It is yet to be seen, how the details of the so-called “destination tax” will be worked out, how the revenues will change in the countries where the goods or services are consumed. The two sides of the Atlantic are expected to differ over which companies will be captured by the destination tax. The US seems to be in favor of a cut-off point below the top 100 global revenue-earners, while European countries are expected to push for it to capture many more, probably thousands of firms.

There are some, like Oxfam, who say that 15 percent as global minimum corporate tax rate is far too low, because “it will do little to end the damaging race to the bottom on corporate tax and curtail the widespread use of tax havens.” The new system is not an overhaul, they [the G7] are just “setting the bar so low that companies can just step over it”.

There is one part in Oxfam claims that it is shared by many. It says, it is “not a fair deal. As it stands, this top-down tax pact brokered by just seven countries, ahead of the global deal expected by this summer, will overwhelmingly benefit rich countries and increase inequality. Billions of dollars in revenues lost to tax havens each year would flow to wealthy countries where most of the large multinationals like Amazon and Pfizer are headquartered – regardless if their sales and profits are actually made in developing nations. The G7 can’t expect the majority of the world’s countries to accept crumbs from its table.”

Maybe it was some subconscious that global media used headlines filled with the expression “rich countries”. G7, that includes US, Japan, Canada, Germany, France, UK… are definitely rich.

The first was maybe Irish finance minister Paschal Donohoe, who said that any global deal also needed to take account of smaller nations.

While the big multinationals tend to have their headquarters in G7 countries – they create workplaces in developing countries. Sometimes they are among the largest employers. For example, big multinationals such as Apple, Facebook or Google, directly employ around one in eight workers in Ireland and account for over 80% of corporation tax receipts.

Ireland estimates that its annual corporate tax take is set to be around 20 percent or € 2 billion lower than it otherwise would have been by 2025, if the anticipated changes are put in place.

One of the incentives to make the multinationals move production or services to less developed countries were relatively lower taxes. If there is no more chance to use taxes as magnets, all left for those countries will be cheap workforce.

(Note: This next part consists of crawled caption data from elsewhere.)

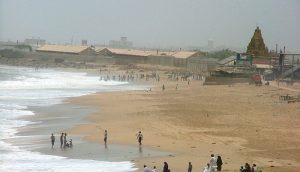 Karachi Beach 3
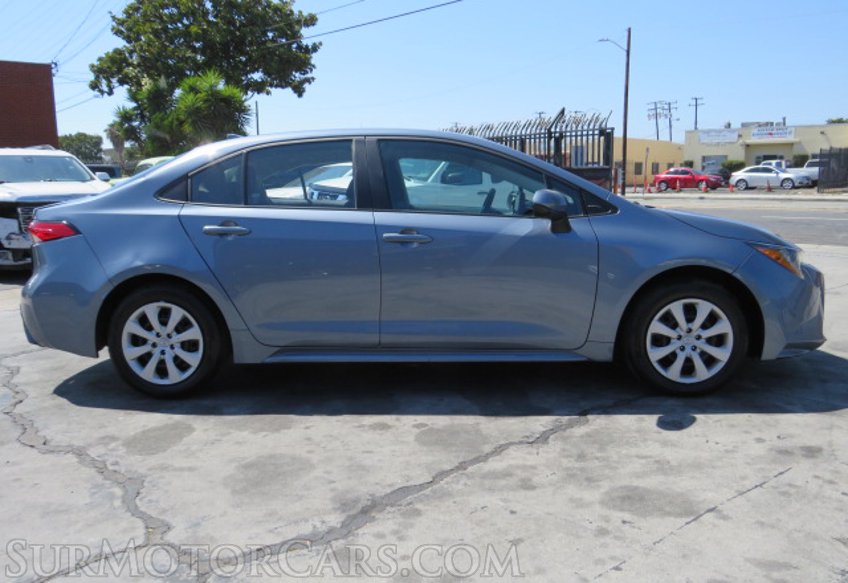 2022 Toyota Corolla - Image 9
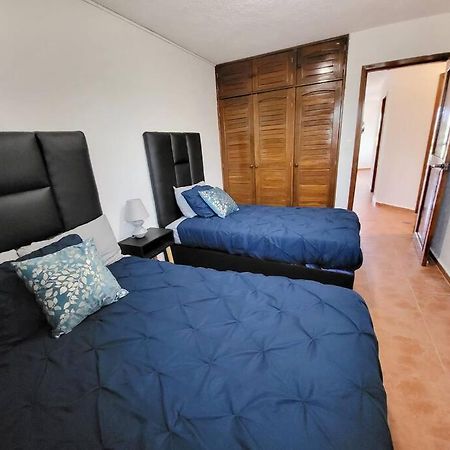 2 Rooms Apartment With Private Beach In Puerto Juarez Cancun Cancún Exterior foto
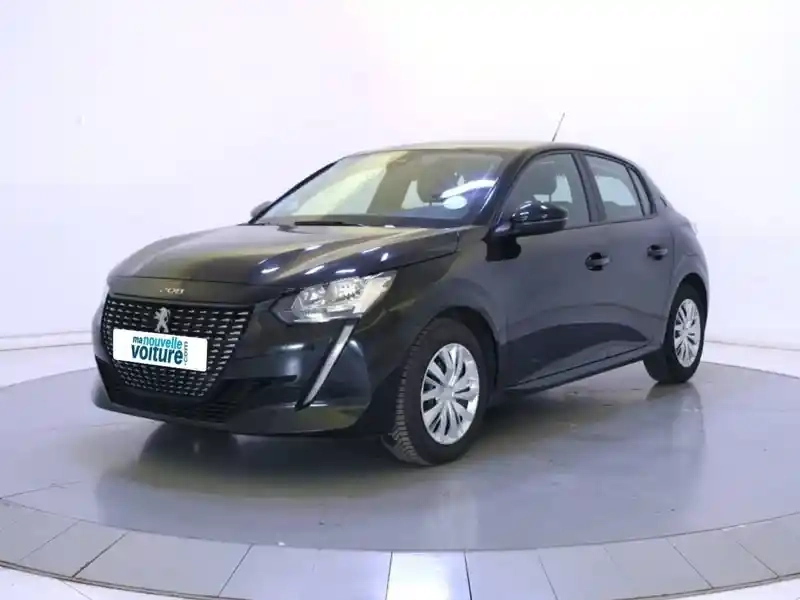 Photo Peugeot 208 Active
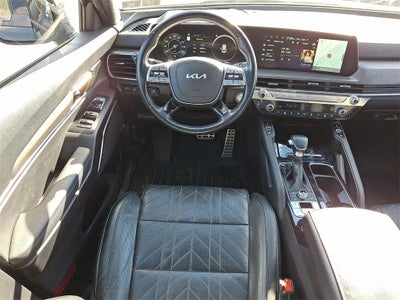 2023 Kia Telluride SX-Prestige X-Pro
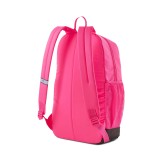 PUMA PLUS BACKPACK II 075749-18 Pink Image 0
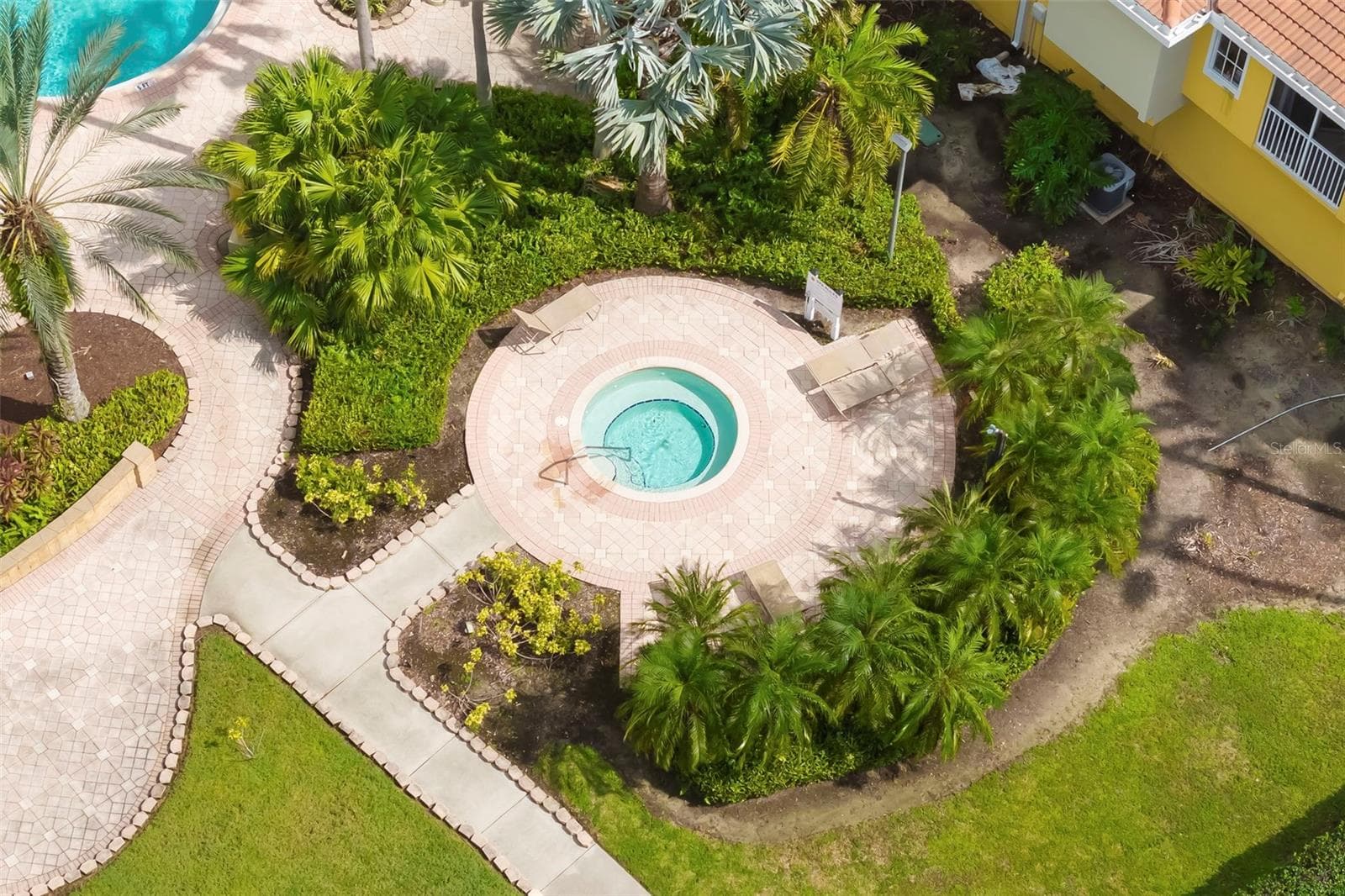 Condominium at 5500 BENTGRASS DR #6-203, SARASOTA, photo 41 of 50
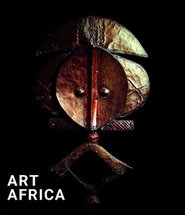 Africké umění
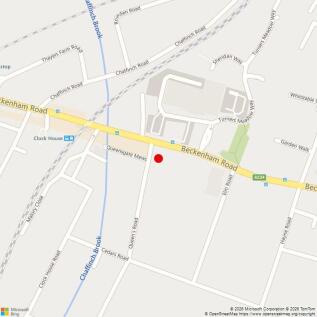 Property Map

While it still might work, it robs those countries both from resources and development possibilities, binding them in a never-ending cycle of low-added-value – low income – low R&D …

It might be only wishful thinking on Paschal Donohoe’s side, who expressed his hopes that “the tax environment that is developing at the moment is one also that multinationals are evaluating. The reason that I’m very positive about our country’s future and our economy is twofold (…) multinationals are well embedded in terms of the physical infrastructure of our country”.

There must be a way to solve the problem of global corporate taxes that takes into account the interests of small and big economies alike. That doesn’t pit developed and developing countries against each other, in a way similar to the US-Chinese economic relations, that took a nose dive after the gap between the two economies started to close up.